The Salton Sea in the Sonoran Desert • Earth.com
The Salton Sea in the Sonoran Desert Today Picture of the day from NASA Earth Observatory features the Sonoran Desert in Southern California, including the Salton Sea. The photograph was taken using a camera mounted on the exterior of the International Space Station.
According to NASA, the nearby Orocopia and Chocolate Mountains contain a mixture of sedimentary, igneous and metamorphic rocks along the San Andreas Fault. This region was used by Apollo crews as they trained for their trips to the Moon. North America is a continent entirely in the northern hemisphere and almost all in the western hemisphere. It can also be described as the northern subcontinent of the Americas. It is bordered to the north by the Arctic Ocean, to the east by the Atlantic Ocean, to the southeast by South America and the Caribbean Sea, and to the west and south by the Pacific Ocean. . Because it sits on the North American tectonic plate, Greenland is geographically part of North America.

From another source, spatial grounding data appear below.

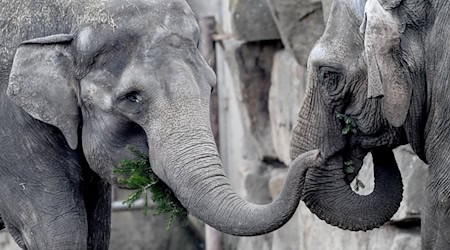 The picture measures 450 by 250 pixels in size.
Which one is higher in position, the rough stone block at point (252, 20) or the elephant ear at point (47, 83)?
the elephant ear at point (47, 83)

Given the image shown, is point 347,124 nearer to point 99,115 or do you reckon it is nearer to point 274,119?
point 99,115

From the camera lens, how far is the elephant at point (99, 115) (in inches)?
239

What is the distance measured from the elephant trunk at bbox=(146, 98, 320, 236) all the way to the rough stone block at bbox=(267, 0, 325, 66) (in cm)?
238

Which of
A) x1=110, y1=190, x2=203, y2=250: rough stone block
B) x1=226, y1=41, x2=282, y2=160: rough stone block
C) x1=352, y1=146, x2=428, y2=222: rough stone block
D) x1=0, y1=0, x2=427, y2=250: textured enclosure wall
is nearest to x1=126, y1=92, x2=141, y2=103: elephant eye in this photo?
x1=0, y1=0, x2=427, y2=250: textured enclosure wall

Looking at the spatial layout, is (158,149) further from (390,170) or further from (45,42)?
(390,170)

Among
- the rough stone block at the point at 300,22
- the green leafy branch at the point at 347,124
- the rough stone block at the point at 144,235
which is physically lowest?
the rough stone block at the point at 144,235

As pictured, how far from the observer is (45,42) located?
634 centimetres

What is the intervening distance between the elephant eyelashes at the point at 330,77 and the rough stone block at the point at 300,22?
72.0 inches

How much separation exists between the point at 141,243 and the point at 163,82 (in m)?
5.85

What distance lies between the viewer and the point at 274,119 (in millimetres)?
9648

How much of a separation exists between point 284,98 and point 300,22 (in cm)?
93

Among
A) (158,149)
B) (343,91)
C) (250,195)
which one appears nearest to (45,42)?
(158,149)

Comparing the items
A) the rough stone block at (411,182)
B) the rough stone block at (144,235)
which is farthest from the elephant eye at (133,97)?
the rough stone block at (144,235)

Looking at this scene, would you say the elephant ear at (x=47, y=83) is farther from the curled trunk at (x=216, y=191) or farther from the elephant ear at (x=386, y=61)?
the elephant ear at (x=386, y=61) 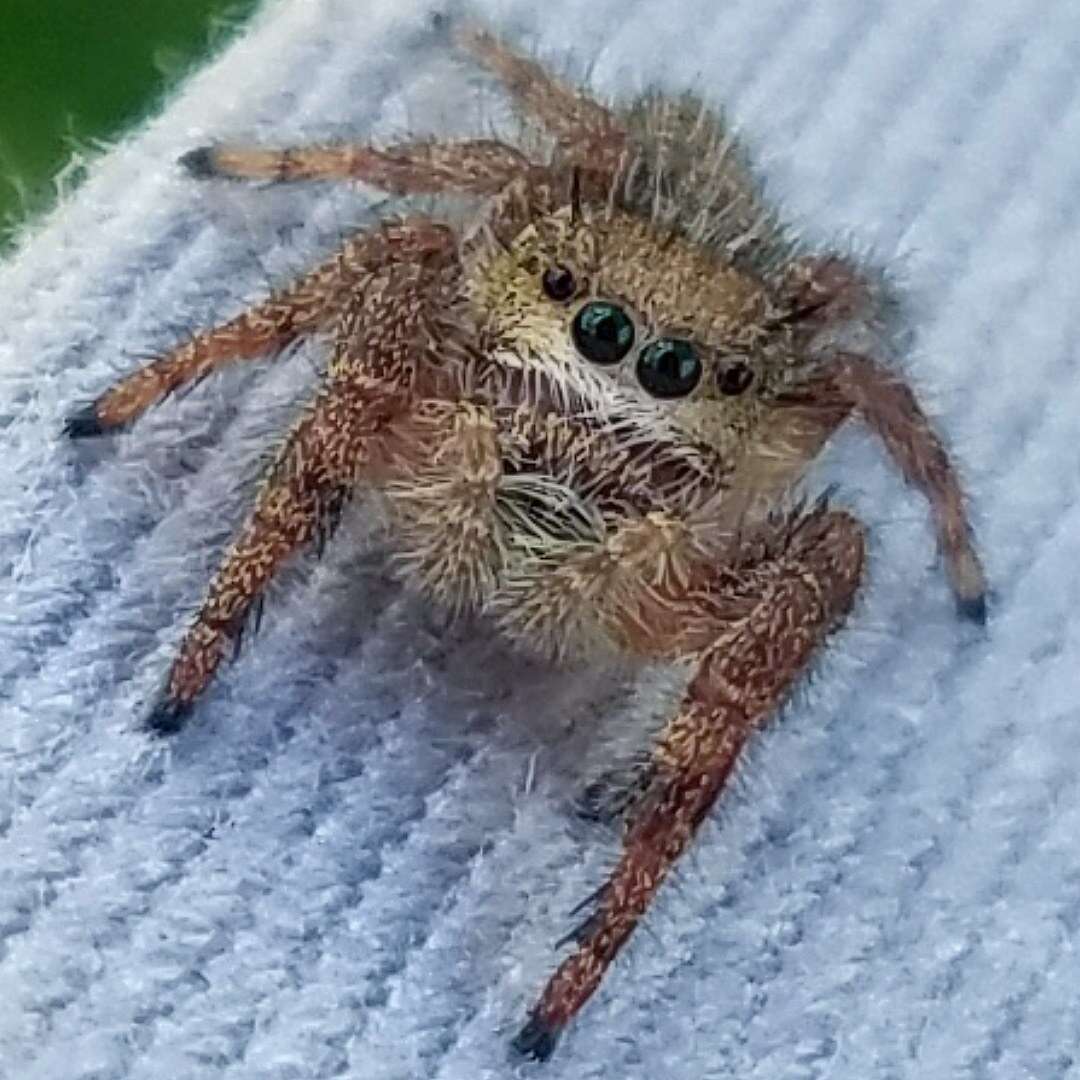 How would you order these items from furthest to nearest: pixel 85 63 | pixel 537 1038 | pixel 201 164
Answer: pixel 85 63, pixel 201 164, pixel 537 1038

North America covers an area of about 24,709,000 square kilometers (9,540,000 sq mi), or about 16.5% of the Earth’s land area and about 4.8% of its total surface. North America is the third largest continent by area, after Asia and Africa, and the fourth largest by population after Asia, Africa and Europe.
The Salton Sea is California’s largest lake. The water has no natural outlet and the lake is saltier than the ocean.
Farmland is concentrated on both sides of the Salton Sea and water from agriculture drains into the lake.
Experts say this runoff does not provide enough water to balance the water lost to evaporation, meaning the Salton Sea will become even saltier over time.